-------- COLLECTED MATERIAL --------

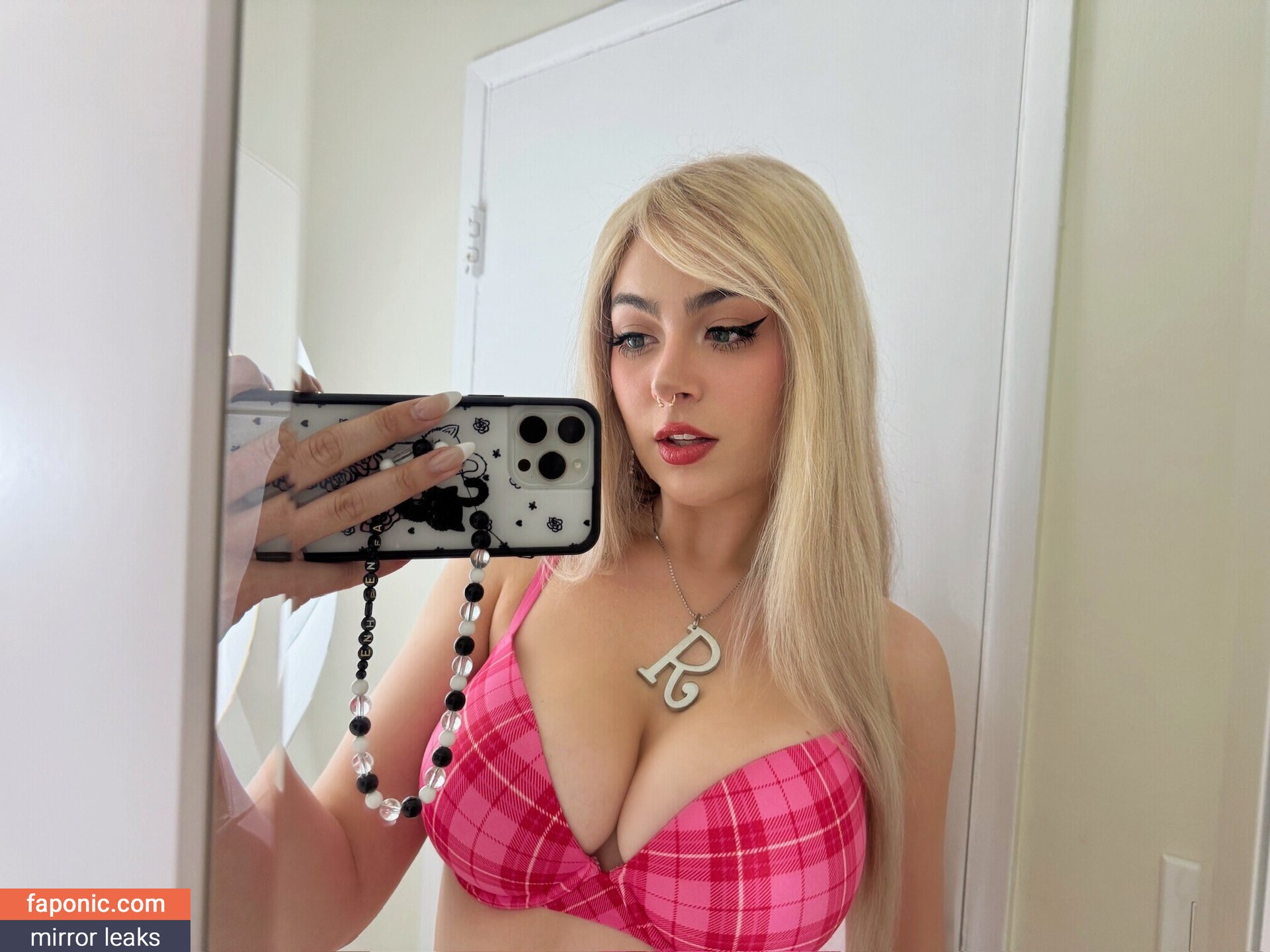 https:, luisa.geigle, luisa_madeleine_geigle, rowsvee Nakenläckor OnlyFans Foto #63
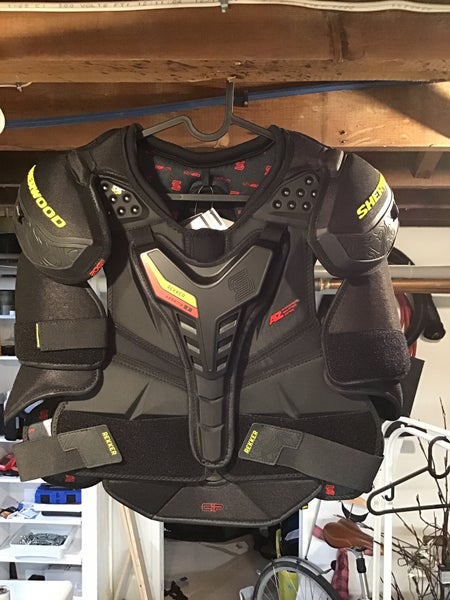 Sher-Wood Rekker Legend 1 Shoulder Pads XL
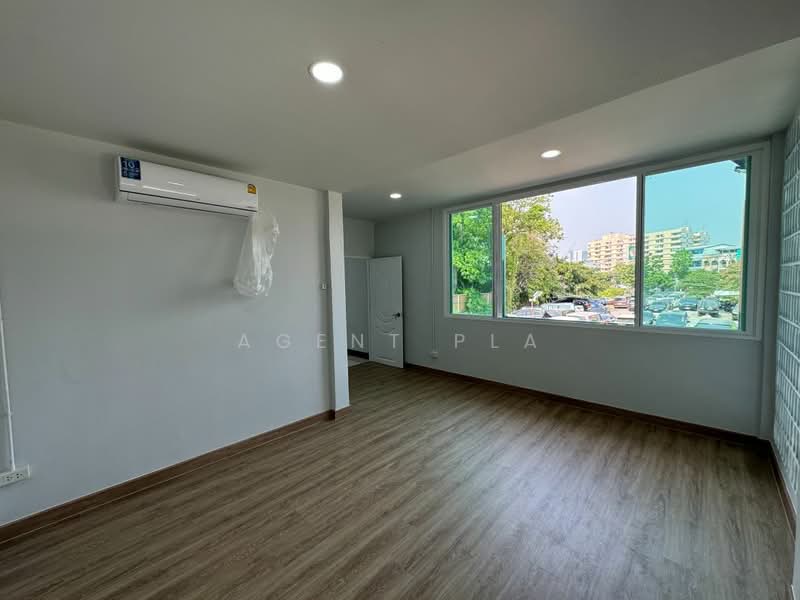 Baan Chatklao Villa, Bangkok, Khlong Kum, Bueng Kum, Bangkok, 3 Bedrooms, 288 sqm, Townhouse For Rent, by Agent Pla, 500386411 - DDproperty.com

--------

*DIRECTIONS:*
The pictures should not be reproduced; quote all of the other material exactly.

*RESPONSE AREA:*
 https:, luisa.geigle, luisa_madeleine_geigle, rowsvee Nakenläckor OnlyFans Foto #63
 Sher-Wood Rekker Legend 1 Shoulder Pads XL
 Baan Chatklao Villa, Bangkok, Khlong Kum, Bueng Kum, Bangkok, 3 Bedrooms, 288 sqm, Townhouse For Rent, by Agent Pla, 500386411 - DDproperty.com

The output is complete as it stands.